Pivotal Engineering Journal

Technical articles from Pivotal engineers.

Provisioning Stateful Kubernetes Containers that Work Hard and Stay Alive

How to develop Kubernetes containers that resist eviction, the second blog of a series of 4 on Stateless Kubernetes Apps

Posted on by
Edit this post on GitHub.

(This blog is the second installment of a four-part series)

By default, all containers are free from limits but subject to eviction

By default, Kubernetes places very few limits on a container. A default, “best effort” container can take as many resources as it needs until the Kubernetes system decides that the container should be evicted, typically because system memory has become scarce.

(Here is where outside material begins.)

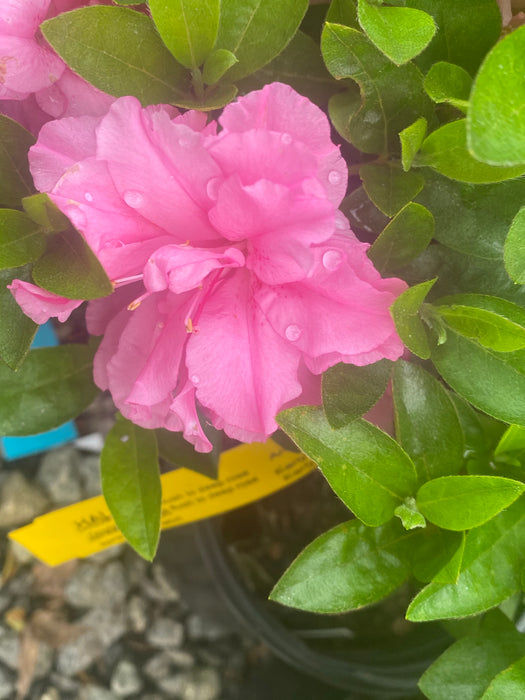 Azalea 'Hallie’ Double Pink Flowering Aromi Azalea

Each container runs within a virtual machine which is called a “node”. By sharing all the resources of a node, best-effort containers have several advantages:

  • Containers can sustain a burst of service, expanding their resource usage as needed, particularly for short-term spikes
  • Resources on the node are not reserved for idle containers
  • Containers that have gotten into trouble with unexpected resource problems, such as infinite loops or memory leaks, will be automatically evicted
  • Containers that have been evicted may be automatically restarted (if they have a restartable specification and resources permit)

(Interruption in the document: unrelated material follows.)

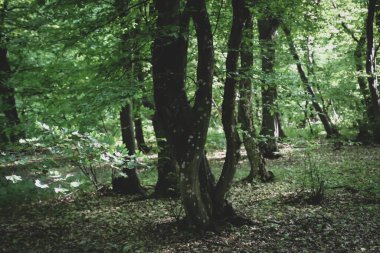 Ormanın ortasında örülmüş bir ağaç..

This resolution of resource contention implies that the eviction of a given container is no big deal. This assumption is generally true for a stateless app, in which many containers may share the service load. However, for stateful apps, container eviction could cause disruption of service.

How containers are monitored, and where to find evidence of evictions

There are at least two concurrent systems for monitoring the resource usage of containers in Kubernetes. One is the Kubernetes kubelet monitor which observes whether containers are exceeding their stated limits. Another is the Linux Out-of-memory (OOM) killer which runs on each node, watching the RAM available on that node. Fundamentally, these monitors are protecting the liveliness of the node and its Kubernetes system functions.

After evicting a container, the Kubelet monitor generally provides info about the eviction within the status of a cluster, such as when queried with kubectl get pods. For example, restartable containers will restart after eviction and will have a non-zero number in the column “Restarts”. Containers that cannot be restarted after eviction by kubelet are left in an error state in the column “Status”.

To see eviction in action, see a sample from Kubernetes documentation that demonstrates a simple container that gets evicted. This eviction results from the sample container exceeding its stated memory limits. Importantly, this sample overage does not threaten the system containers on the node–there is still plenty of memory on the node to run Kubernetes. Thus, in this sample, the kubelet monitor has sufficient memory and CPU to do its eviction responsibility; the node itself is not under pressure.

The Linux OOM Killer, on the other hand, gets invoked when the node itself is starved for memory. In that situation, Kubernetes system containers, which control Kubernetes system logging, may be threatened and may not function as designed. Thus, there may not be much evidence of the Linux OOM killer in Kubernetes status reports. Evictions by the OOM tool may only show up in the syslog of a given node. To access that information, use the platform tools (gcloud on GKE, bosh on PKS) to obtain a shell on the node.

Setting limits on containers helps increase their priority, but does not prevent eviction

Kubernetes literature emphasizes how a developer can set a container’s requested resources and its limits inside the pod definition. These limits are not maintained in a benevolent way. Resource limits help the optimistic scheduling of containers onto nodes, but the limits also serve as explicit thresholds for eviction:

A Container can exceed its memory request if the Node has memory available. But a Container is not allowed to use more than its memory limit. If a Container allocates more memory than its limit, the Container becomes a candidate for termination.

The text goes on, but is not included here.